Source records
+ + +
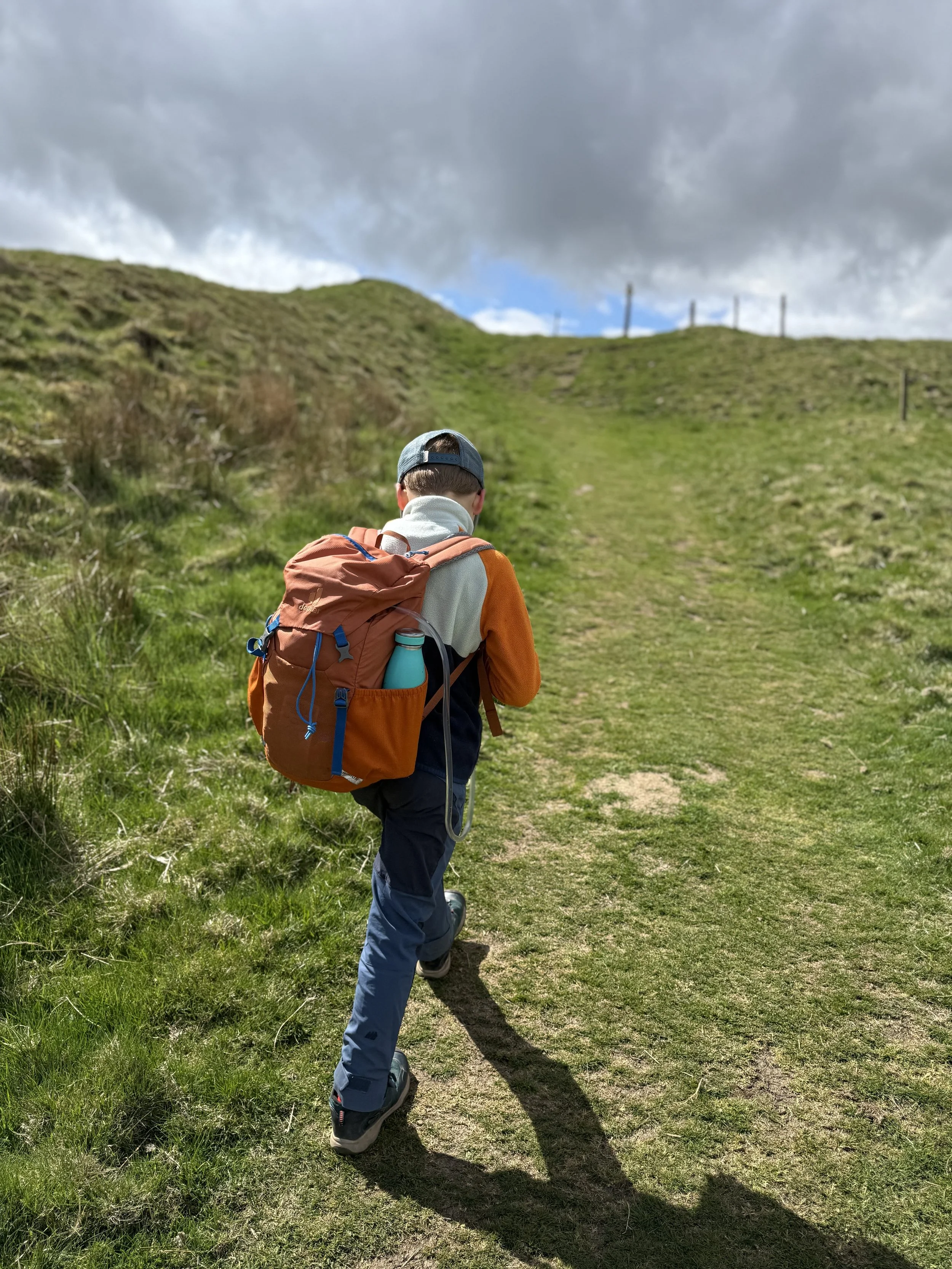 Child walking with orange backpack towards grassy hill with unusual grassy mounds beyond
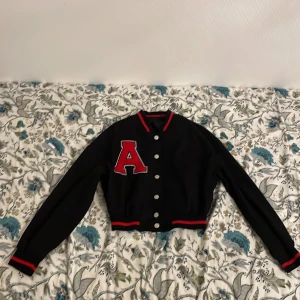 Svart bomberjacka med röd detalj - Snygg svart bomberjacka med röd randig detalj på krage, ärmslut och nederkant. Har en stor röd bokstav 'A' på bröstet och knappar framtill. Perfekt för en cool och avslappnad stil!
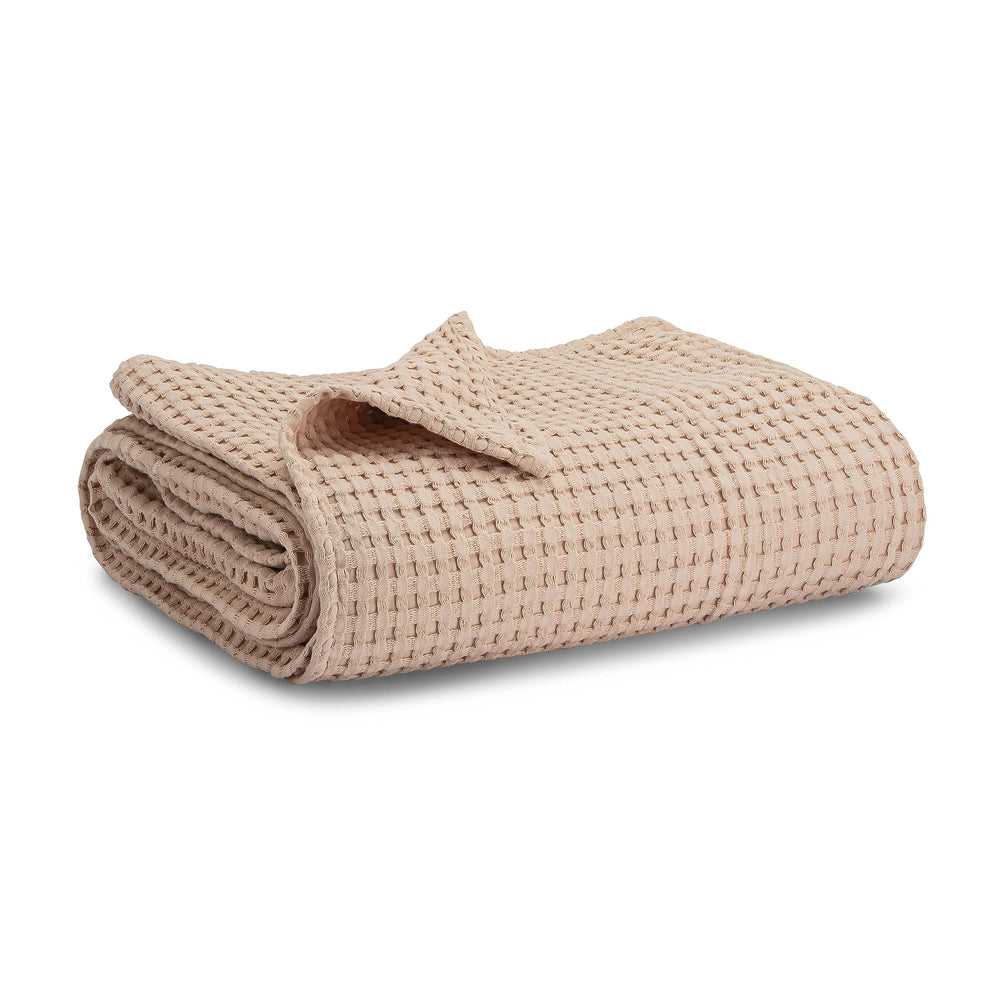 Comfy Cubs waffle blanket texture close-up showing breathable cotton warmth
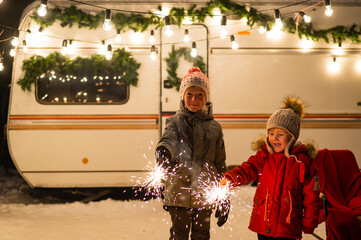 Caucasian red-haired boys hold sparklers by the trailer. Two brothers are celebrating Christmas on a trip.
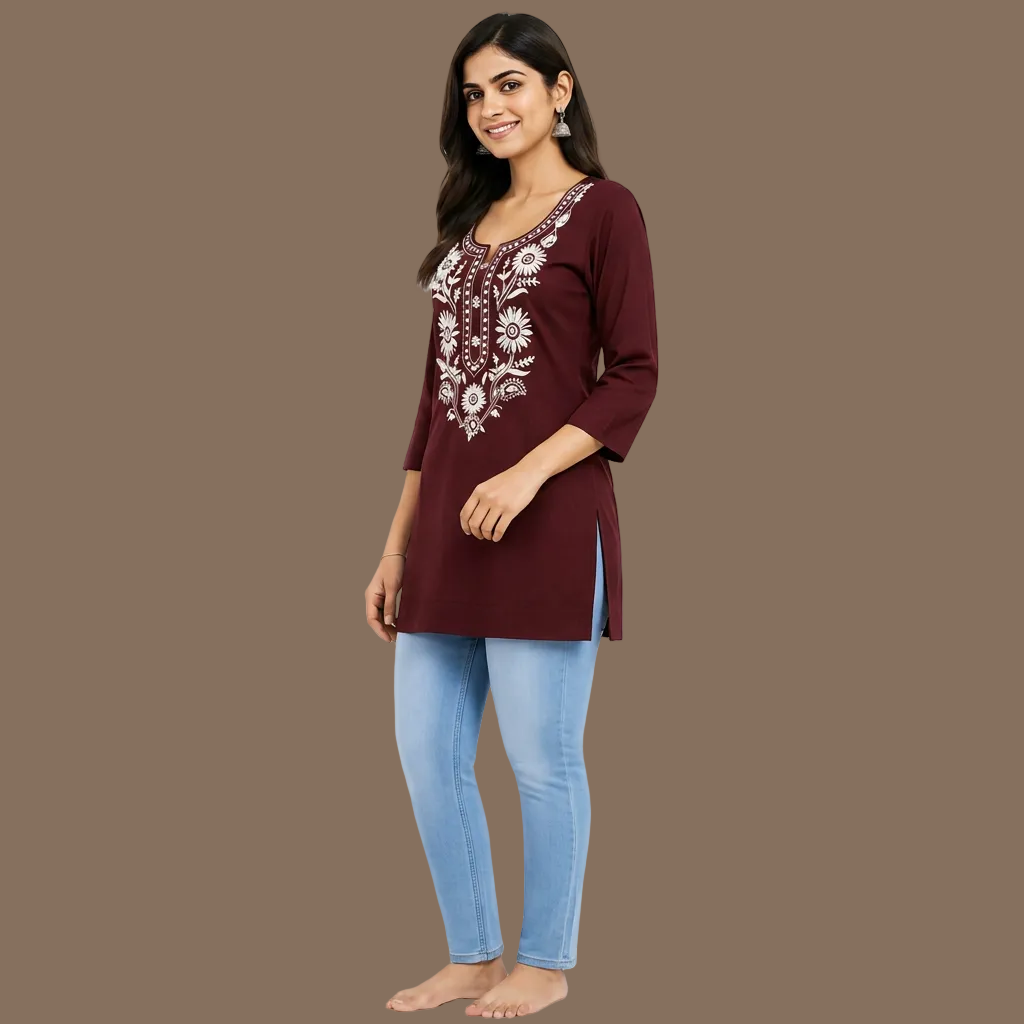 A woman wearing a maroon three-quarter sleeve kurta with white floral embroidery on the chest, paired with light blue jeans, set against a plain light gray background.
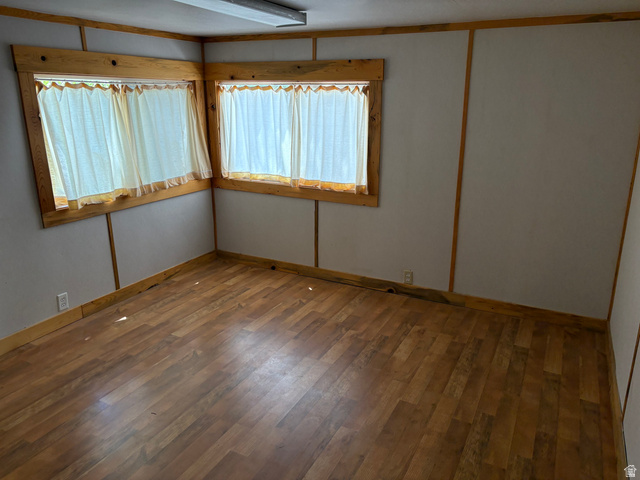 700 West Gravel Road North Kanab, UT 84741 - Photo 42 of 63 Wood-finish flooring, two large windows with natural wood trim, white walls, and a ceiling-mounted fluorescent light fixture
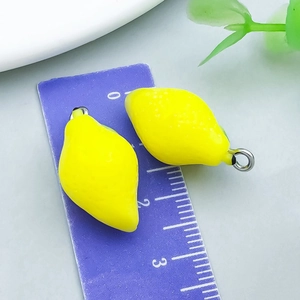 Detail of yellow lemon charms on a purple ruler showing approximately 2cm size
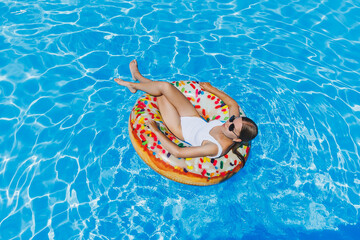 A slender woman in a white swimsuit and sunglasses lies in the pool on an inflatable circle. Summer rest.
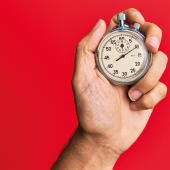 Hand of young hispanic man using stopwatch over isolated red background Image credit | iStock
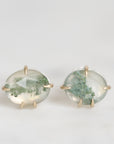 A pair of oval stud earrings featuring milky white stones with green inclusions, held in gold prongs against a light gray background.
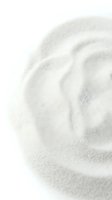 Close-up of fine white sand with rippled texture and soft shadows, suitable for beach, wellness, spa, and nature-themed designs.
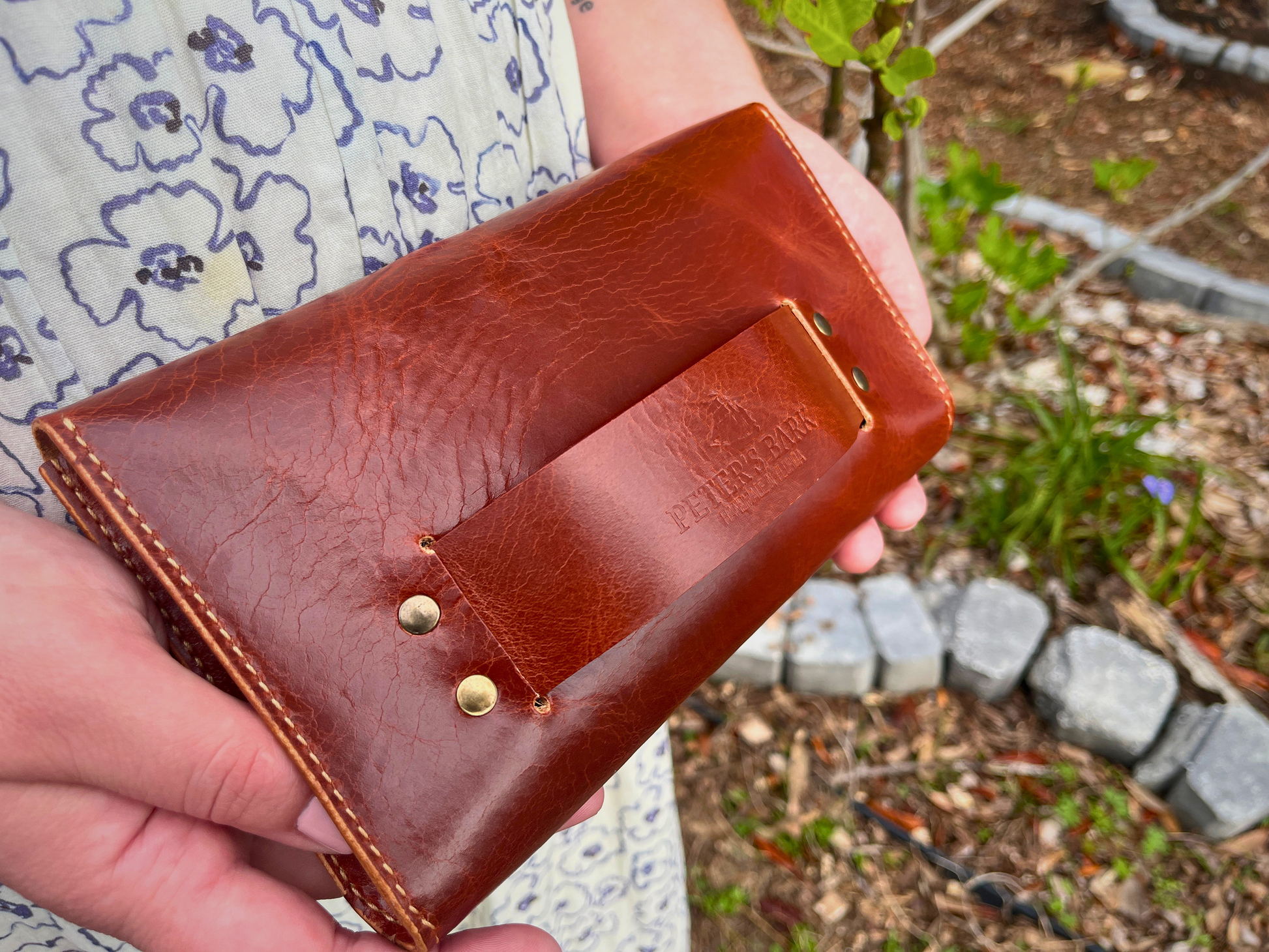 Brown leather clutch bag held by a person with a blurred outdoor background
+ + +
Would you copy the lines above exactly, starting with the one that has "700 West Gravel" and ending with the one that has "Detail of yellow", both included, without the pictures?

 700 West Gravel Road North Kanab, UT 84741 - Photo 42 of 63 Wood-finish flooring, two large windows with natural wood trim, white walls, and a ceiling-mounted fluorescent light fixture
 Detail of yellow lemon charms on a purple ruler showing approximately 2cm size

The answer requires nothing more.